*** Data segment ***

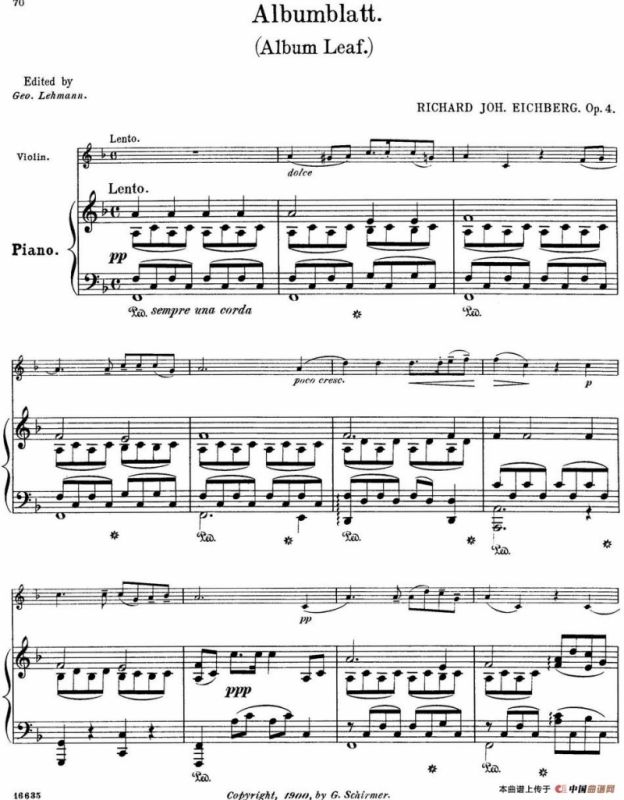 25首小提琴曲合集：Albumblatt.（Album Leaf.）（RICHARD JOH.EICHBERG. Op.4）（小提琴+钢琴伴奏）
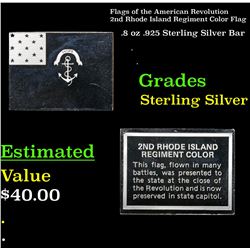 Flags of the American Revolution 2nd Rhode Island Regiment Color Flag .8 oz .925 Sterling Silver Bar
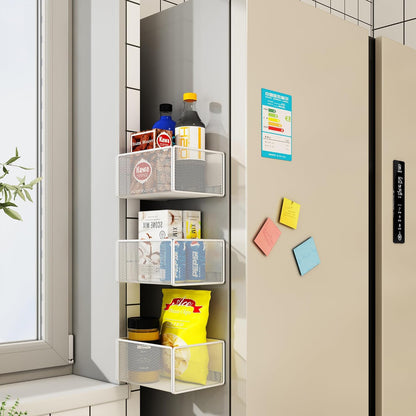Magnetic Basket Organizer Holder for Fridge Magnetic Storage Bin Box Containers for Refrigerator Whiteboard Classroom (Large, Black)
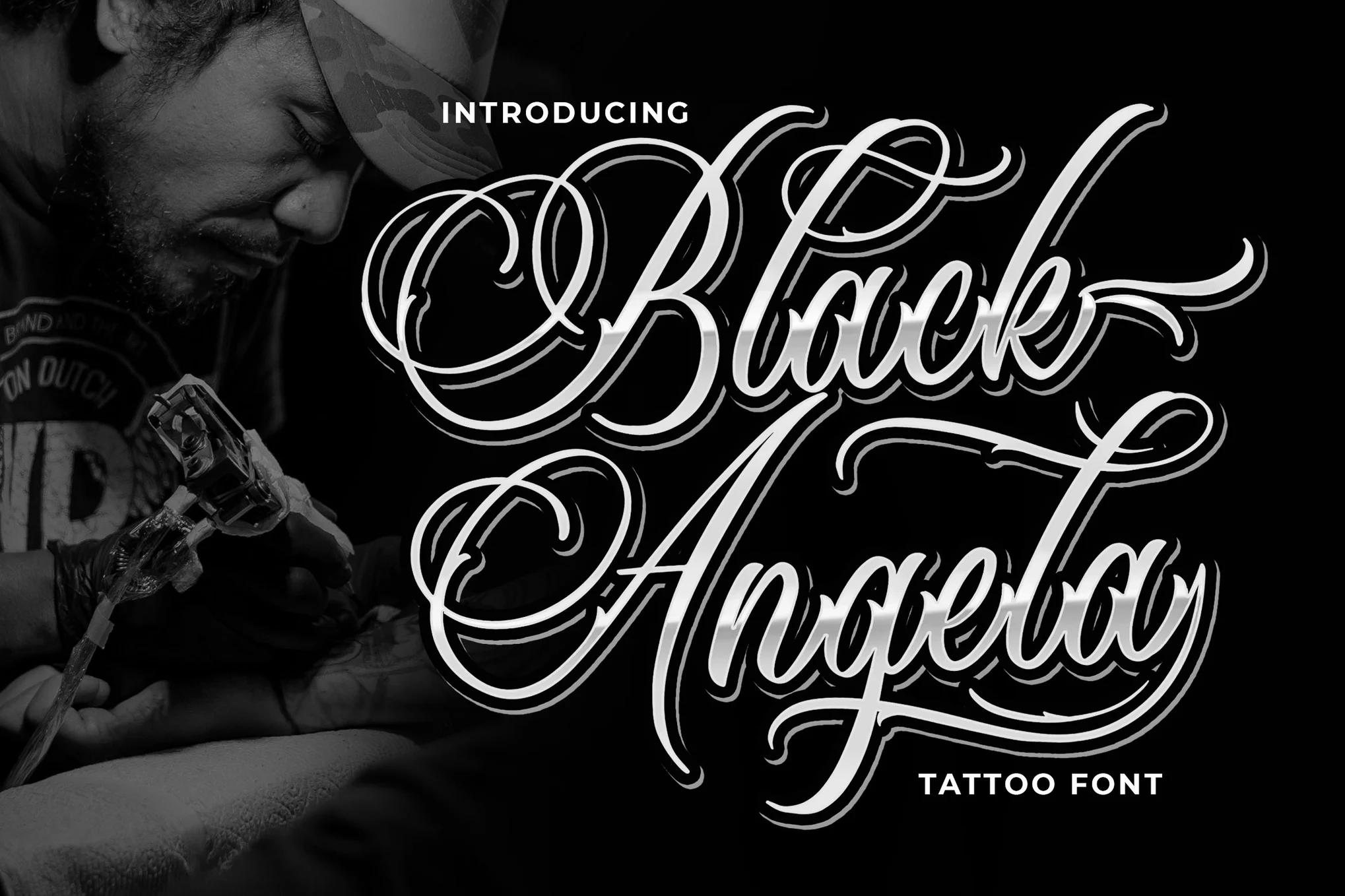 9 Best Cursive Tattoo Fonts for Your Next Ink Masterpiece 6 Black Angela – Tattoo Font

*** End of Data segment ***

## Exercise instructions
The listing above must be repeated exactly, apart from the pictures.

## Result of this task
 25首小提琴曲合集：Albumblatt.（Album Leaf.）（RICHARD JOH.EICHBERG. Op.4）（小提琴+钢琴伴奏）
 Flags of the American Revolution 2nd Rhode Island Regiment Color Flag .8 oz .925 Sterling Silver Bar
Magnetic Basket Organizer Holder for Fridge Magnetic Storage Bin Box Containers for Refrigerator Whiteboard Classroom (Large, Black)
 9 Best Cursive Tattoo Fonts for Your Next Ink Masterpiece 6 Black Angela – Tattoo Font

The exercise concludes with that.